How to score full marks in this chapter
Whenever you multiply or divide decimals, first do the sum with whole numbers and only then fix the decimal point — count the places carefully. For a decimal divisor, write the “clean” division (e.g. 4.68 ÷ 0.13 = 468 ÷ 13) before dividing. Show the place-value steps in long division and put the point in the quotient as soon as you reach the Tenths. If a quotient does not end, round it sensibly (say, to two decimal places) and say so. Check answers by reversing the operation or by estimating.
Frequently Asked Questions
What is Class 7 Maths Ganita Prakash Chapter 12 about?
Chapter 12, Another Peek Beyond the Point (Ganita Prakash Part II, Chapter 4), teaches how to multiply and divide decimals as natural extensions of whole-number operations, how to divide using place value (long division), how to recognise recurring decimals such as 10 ÷ 3 and 1 ÷ 7, and how decimals are used to design the leap-year calendar.
How do you place the decimal point when multiplying two decimals?
Ignore the points and multiply the numbers as whole numbers.

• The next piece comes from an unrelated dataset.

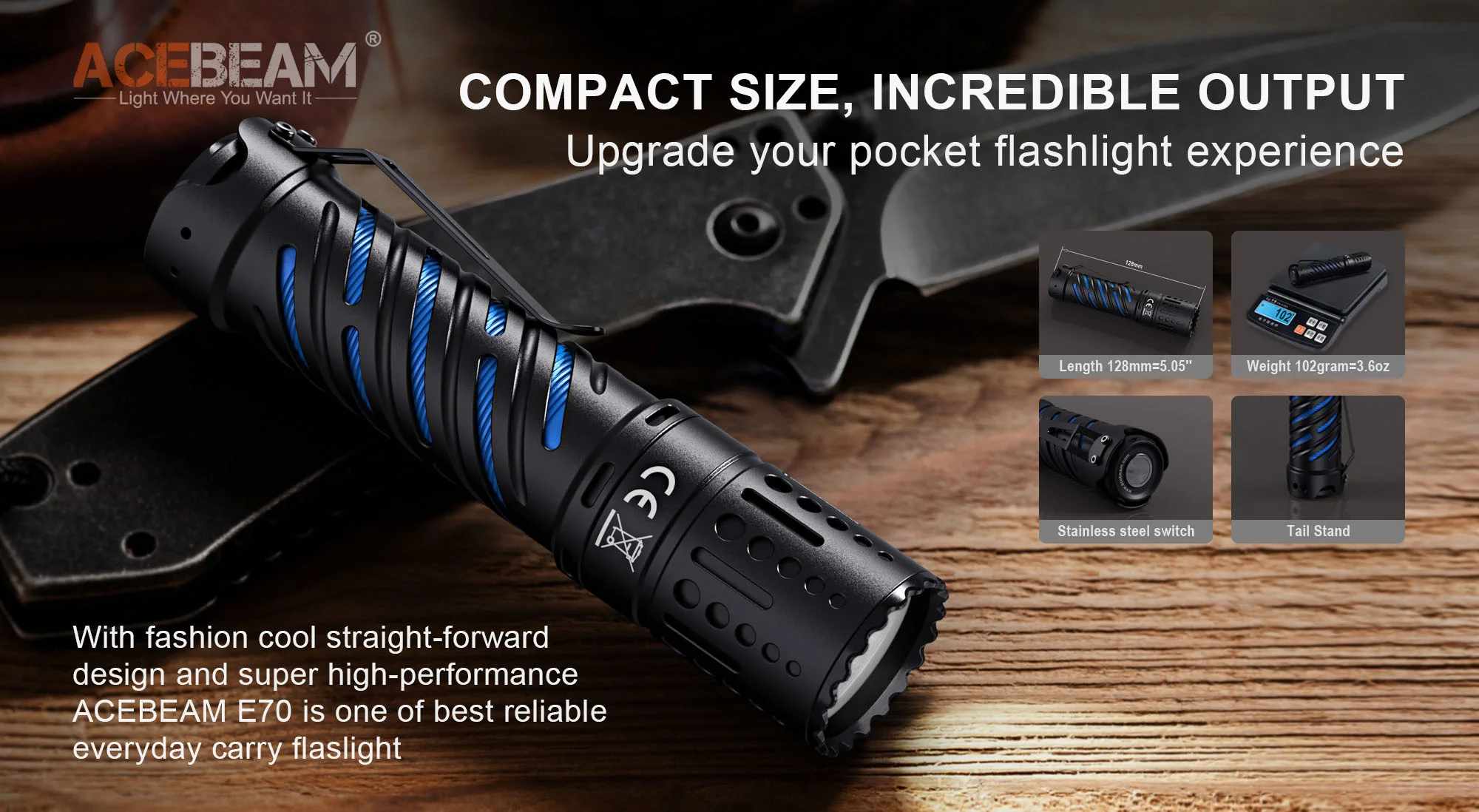 Acebeam E70 AL - Image 4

Then put the point back so that the product has as many decimal places as the two factors have together. For example 5.96 (2 places) × 24.8 (1 place) = 147.808 (3 places).
Why do some decimal divisions never end?
When the denominator (after simplifying) has a prime factor other than 2 or 5, the long division leaves the same remainder again and again, so the digits repeat forever — for example 10 ÷ 3 = 3.333… and 1 ÷ 7 = 0.142857142857… These are called recurring or non-terminating decimals.
Are these Class 7 Maths Ganita Prakash Chapter 12 solutions free?
Yes. All solutions are free and follow the official NCERT Ganita Prakash (Part II) textbook for the 2026–27 session, with every Figure it Out, Math Talk and Try This task solved and verified.